Frequent consumption of cola has been found by researchers at Tufts University in Boston to be linked with higher rates of the bone-thinning disease of osteoporosis in older women.
Prof. Katherine Tucker, director of the epidemiology and dietary assessment program at Tufts' Human Nutrition Research Center on Aging, and colleagues have reported in the October 6 issue of the American Journal of Clinical Nutrition that cola may contribute to lower bone mineral density in older women, a condition which increases risk for osteoporosis.
In the retrospective Framingham Osteoporosis Study of 2,500 men and women whose average age was just under 60, researchers analyzed dietary questionnaires and bone mineral density measurements at the spine and three different hip sites. In women, cola consumption was associated with lower bone mineral density at all three hip sites, regardless of factors such as age, menopausal status, total calcium and vitamin D intake, smoking or drinking of alcohol. But cola consumption was not associated with lower bone mineral density for men at the hip sites, or the spine for either men or women. The results were similar for diet cola and, although weaker, for decaffeinated cola.
Prof. Yosef Foldes, director of the Hadassah University Medical Center's Jerusalem Osteoporosis Center, commented: "The findings are not surprising, as phosphoric acid in cola that hurts teeth also harms bone mineral content. If you drink a lot of acidic liquids, it encourages dissolution of calcium from bones into the bloodstream. It is also true that people who don't drink much cola or at all tend to be more health conscious, exercise and observe a better diet, so this has to be studied in a controlled, prospective way."
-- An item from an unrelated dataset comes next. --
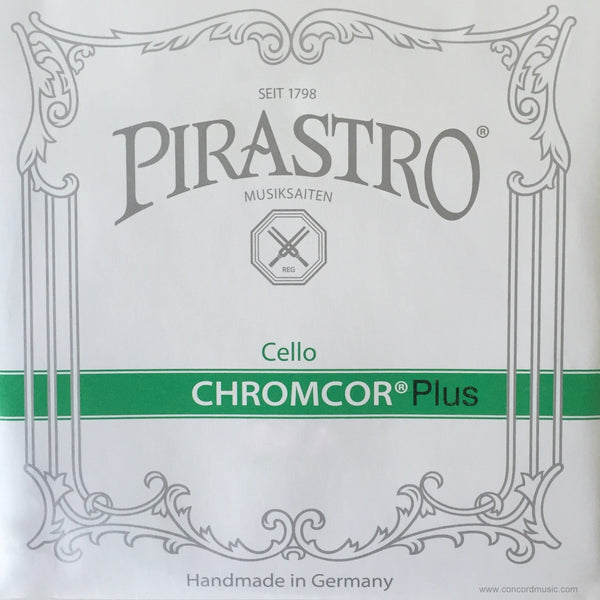 Chromcor Plus Cello Strings Set 3399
Men reported drinking an average of six carbonated drinks a week, with five being cola, and women reported consuming an average of five carbonated drinks a week, four of which were cola. Serving size was defined as one bottle, can or glass of cola.
"The more cola that women drank, the lower their bone mineral density was," said Tucker. "However, we did not see an association with bone mineral density loss for women who drank carbonated beverages that were not cola."
Carbonated soft-drink consumption increased more than three-fold in the US, and almost as significantly in Israel during the past few decades. The researchers note that more than 70 percent of the carbonated beverages consumed by people in the study were colas, all of which contain phosphoric acid, an ingredient that is not found in non-cola carbonated beverages.
While previous studies have suggested that cola contributes to bone mineral density loss because it replaces milk in the diet, Tucker determined that women in the study who consumed higher amounts of cola did not have a lower intake of milk than women who consumed fewer colas. However, the authors did conclude that calcium intake from all sources, including non-dairy sources such as dark leafy greens or beans, was lower for women who drank the most cola.
On average, women consumed 1,000 milligrams of calcium per day, and men consumed 800 milligrams per day, both lower than the daily recommended 1,200 daily milligrams for adults older than 50.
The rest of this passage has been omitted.